[[ Input open ]]

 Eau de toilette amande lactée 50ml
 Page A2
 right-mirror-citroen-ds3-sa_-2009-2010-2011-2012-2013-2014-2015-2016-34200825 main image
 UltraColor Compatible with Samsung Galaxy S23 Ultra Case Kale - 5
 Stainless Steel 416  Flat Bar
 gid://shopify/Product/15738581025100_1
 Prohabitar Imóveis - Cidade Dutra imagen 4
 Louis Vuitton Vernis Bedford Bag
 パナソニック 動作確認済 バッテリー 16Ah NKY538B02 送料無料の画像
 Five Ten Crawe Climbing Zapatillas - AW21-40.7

[[ Input closed ]]
[[ Input open ]]

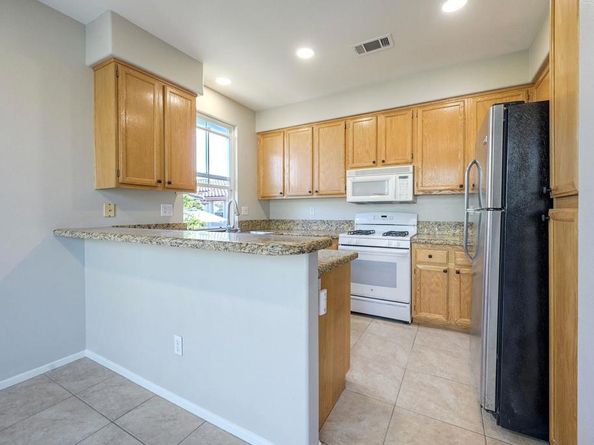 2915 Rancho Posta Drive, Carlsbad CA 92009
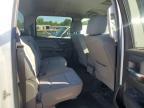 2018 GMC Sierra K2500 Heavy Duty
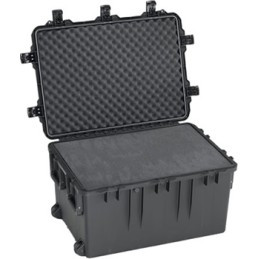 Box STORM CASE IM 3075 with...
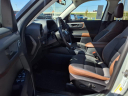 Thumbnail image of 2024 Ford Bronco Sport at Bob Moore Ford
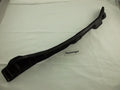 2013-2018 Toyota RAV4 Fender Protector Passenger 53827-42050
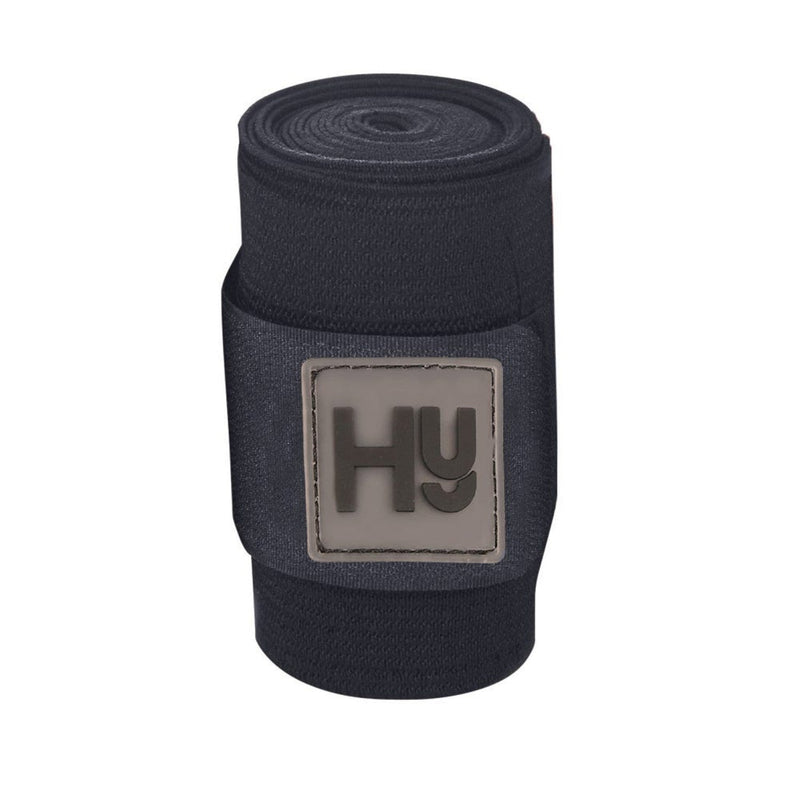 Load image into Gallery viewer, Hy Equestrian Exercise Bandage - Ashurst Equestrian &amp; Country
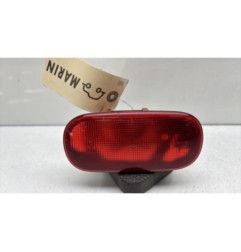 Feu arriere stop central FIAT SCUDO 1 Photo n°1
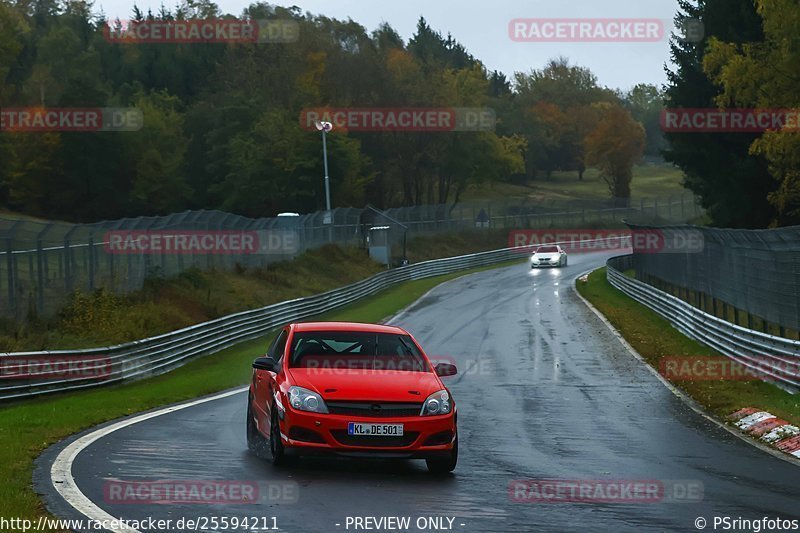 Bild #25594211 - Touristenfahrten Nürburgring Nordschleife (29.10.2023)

[[ Input closed ]]
[[ Input open ]]

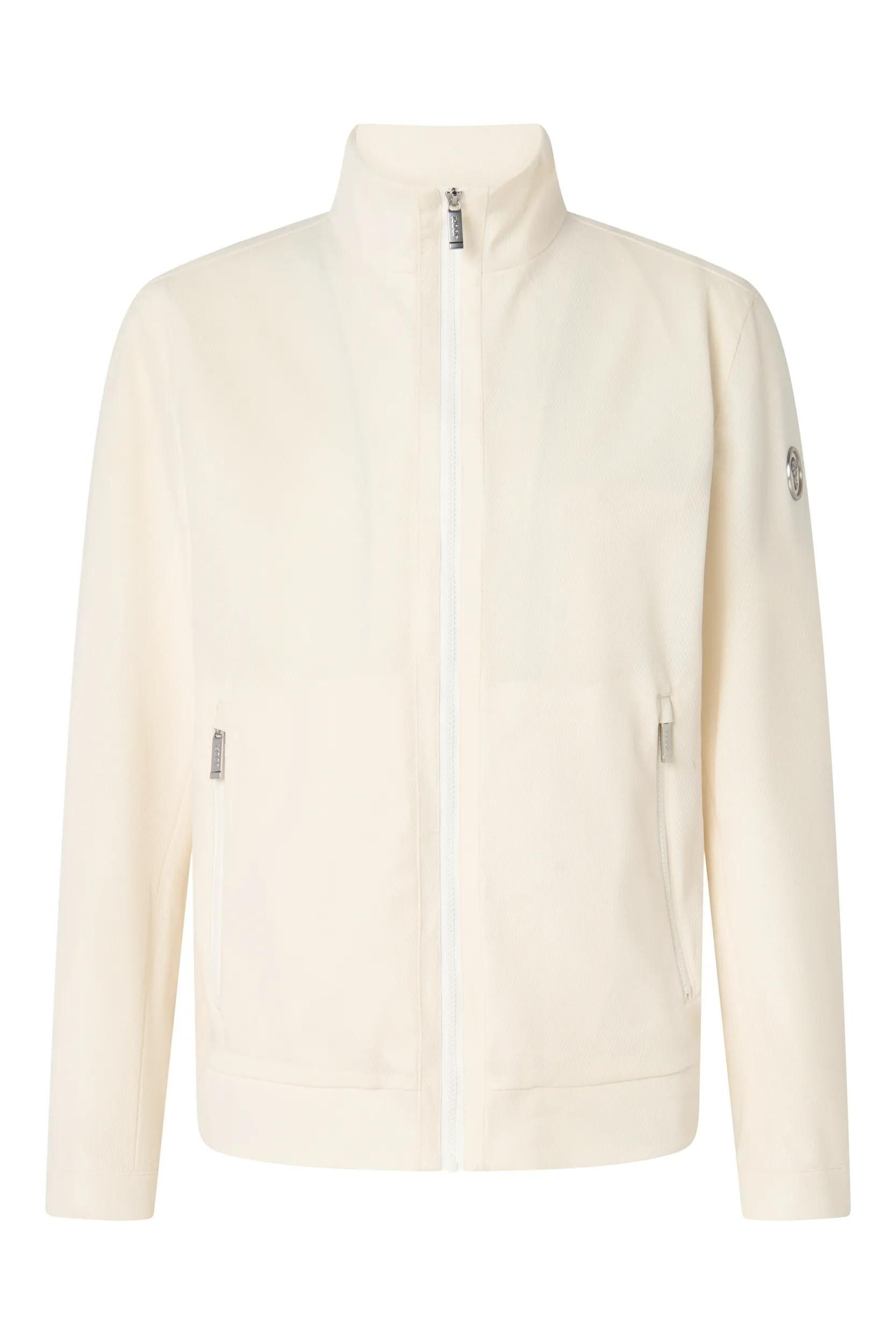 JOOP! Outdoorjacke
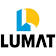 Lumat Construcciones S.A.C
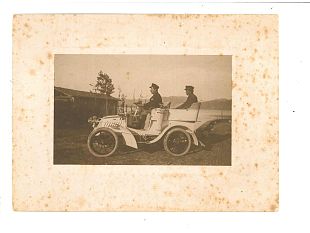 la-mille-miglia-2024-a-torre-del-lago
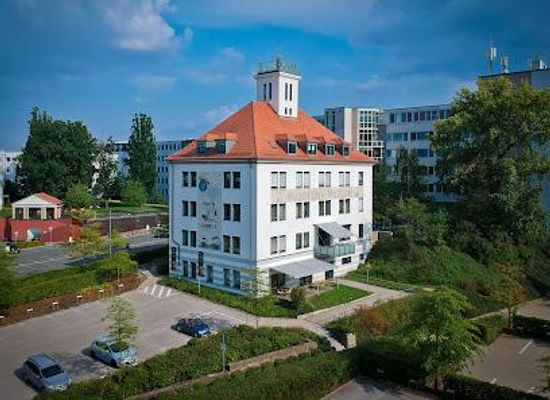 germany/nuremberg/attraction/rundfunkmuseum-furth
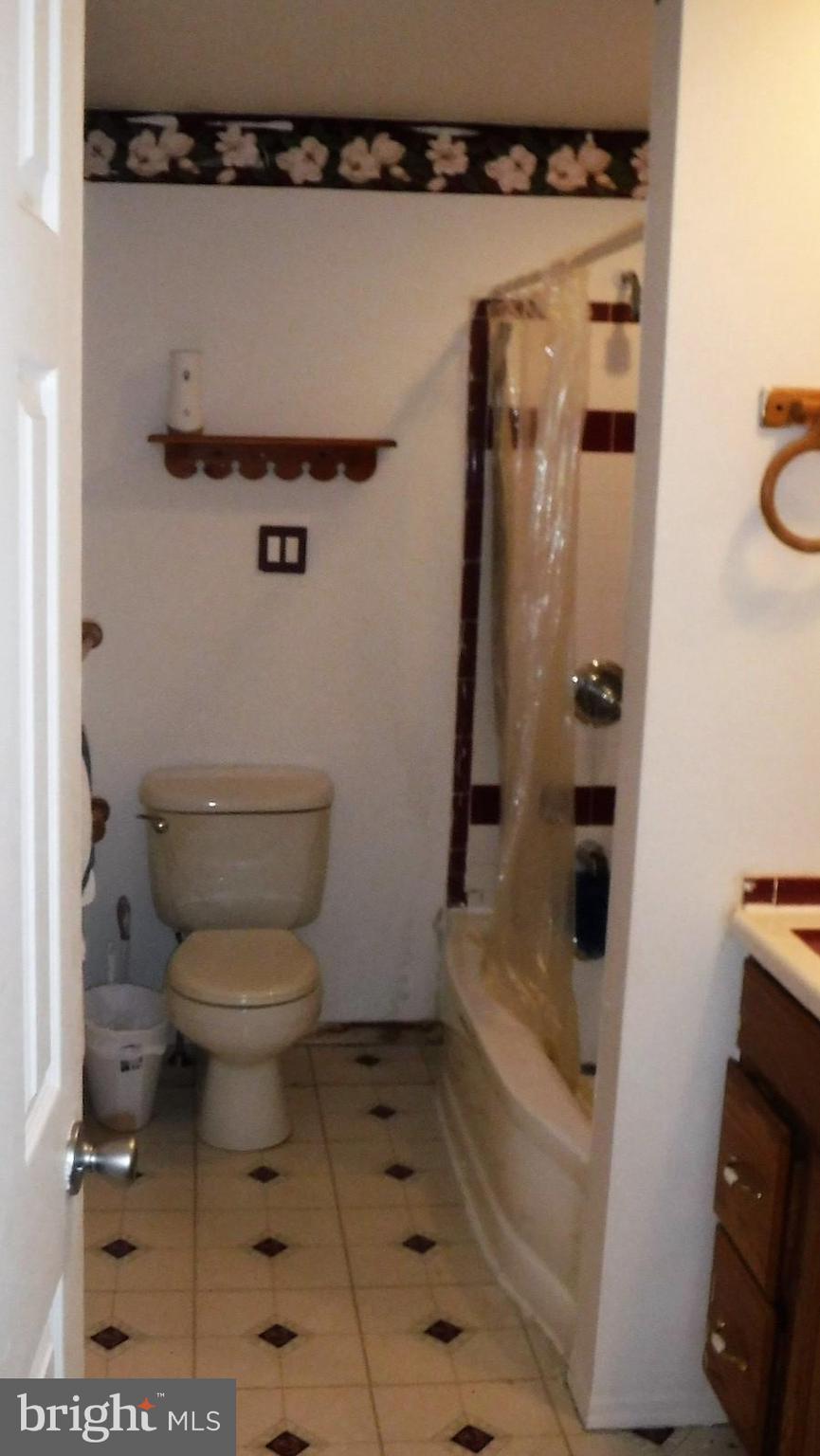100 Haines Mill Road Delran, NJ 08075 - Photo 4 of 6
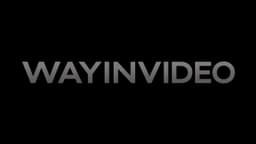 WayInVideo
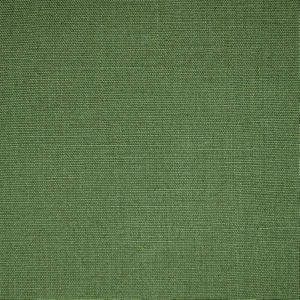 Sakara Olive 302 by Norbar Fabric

[[ Input closed ]]

** Work request **
Reproduce word for word the material above, beginning with the line that contains "Eau de toilette amande lactée 50ml" and ending with the line that contains "Five Ten Crawe".

** Answer for this exercise **
 Eau de toilette amande lactée 50ml
 Page A2
 right-mirror-citroen-ds3-sa_-2009-2010-2011-2012-2013-2014-2015-2016-34200825 main image
 UltraColor Compatible with Samsung Galaxy S23 Ultra Case Kale - 5
 Stainless Steel 416  Flat Bar
 gid://shopify/Product/15738581025100_1
 Prohabitar Imóveis - Cidade Dutra imagen 4
 Louis Vuitton Vernis Bedford Bag
 パナソニック 動作確認済 バッテリー 16Ah NKY538B02 送料無料の画像
 Five Ten Crawe Climbing Zapatillas - AW21-40.7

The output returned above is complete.